Here are the steps to installing the server's base software and data handlers (these are the components of the server) and data to be served.

  1. Install the web server.
  2. Download and install the OPeNDAP server base software.
  3. Choose one or more data handlers, download and install.
  4. Configure your data.


In a little more detail, here are those same steps:


  1. Install the web server to be used. This is not an OPeNDAP program, and will have its own documentation. If the server is already installed, figure out how to run a CGI program with that server. Testing: If your web server is running, you should be able to request a web page from it.
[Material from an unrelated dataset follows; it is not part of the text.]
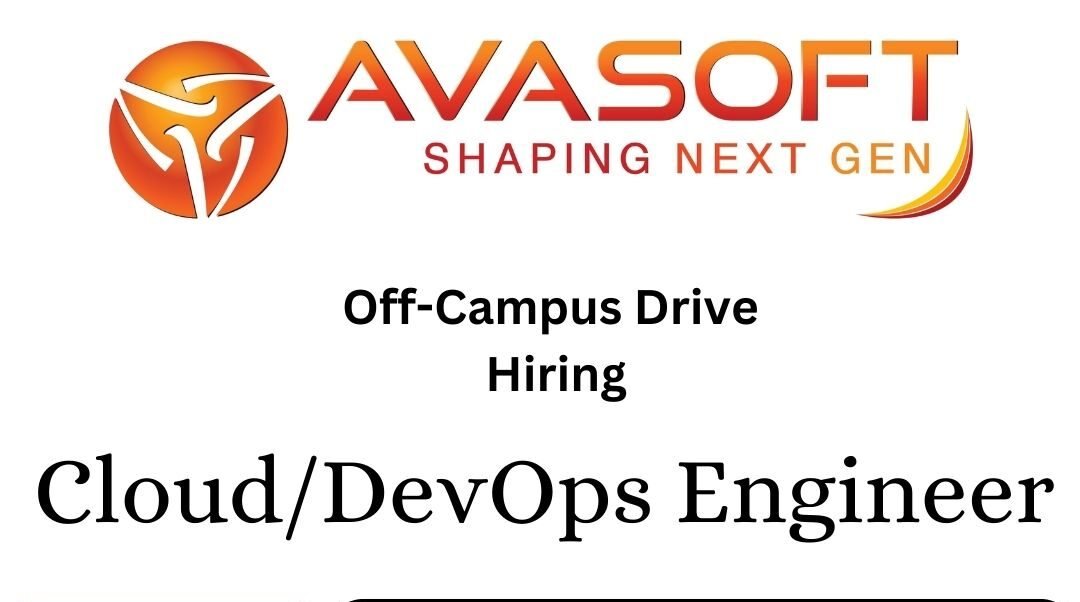 Avasoft Off-campus Drive 2025 hiring Cloud / DevOps Engineer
From a web browser, try sending a simple request containing only the machine name: http://machine, where machine should be replaced by the name of the computer you're doing the installation on. When the simple page works, try executing a CGI program. (The simplest CGI Perl program is on Chapter 6.) See Chapter 6 for more ways to check if the web server is working.
  2. Download and install the OPeNDAP server base software. It is usually the easiest to use the pre-compiled binary distributions. Look at the [| OPeNDAP] to get the software. See Apendix for more information. Testing: The software should all be installed in three directories: 1) The Perl software in /usr/local/share/dap-server; 2) The CGI program in /usr/local/share/dap-server-cgi; and 3) The binary programs dap_usage, dap_asciival and dap_www_int in /usr/local/bin. If you build the software from sources you can install the server software in a root that is different from /usr/local.
  3. Once the server software has been installed, you'll need to install one or more data handlers. OPeNDAP provides data handlers for NetCDF, HDF4 (and HDF-EOS), DSP, JGOFS, and FreeForm. You need to download these separately and follow their installation instructions.
  4. Next you will need to configure the server's CGI so that it can find the handlers. During this step a handful of configuration parameters must be set. Locate the file named dap-server.rc in /usr/local/share/dap-server-cgi. See (Section 2.2) for instructions about how to configure this file. Testing: When the server is working, you should get a response to a version request, where you query the software for its version (release) number. To do this, enter a URL like the following into a web browser:
     http://machine/cgi-bin/nph-dods/version 
    Remember to replace machine with the machine you're using. Also, the CGI directory you're using may not be called cgi-bin. If you're not using a CGI directory, see the next step.
    1. If your server uses name conventions to identify CGI programs, change the names of the dispatch script to conform with the local convention: e.g. nph_dods to nph_dods.cgi. The other service program names do not need to be changed. Testing: Try to get a version number from the server. If your CGI programs are identified with a suffix like .cgi, try a URL like this:
       http://machine/nph-dods.cgi/version 
    2. If you are using DODS release 3.5 or later, you also need to make sure that the dispatch configuration file dap-server.rc is also copied into the directory with the CGI and correctly protected. See (Section 2.2) for instructions about how to configure this file. Note that earlier servers (from version 3.2 through 3.4 used a configuration file named dods.in or dods.rc). Testing: This cannot be tested without having some data installed.
  5. See ( Chapter 3) for instructions on installing and testing the data to be served. See ( Chapter 6) for more tests to make sure you've done each step correctly.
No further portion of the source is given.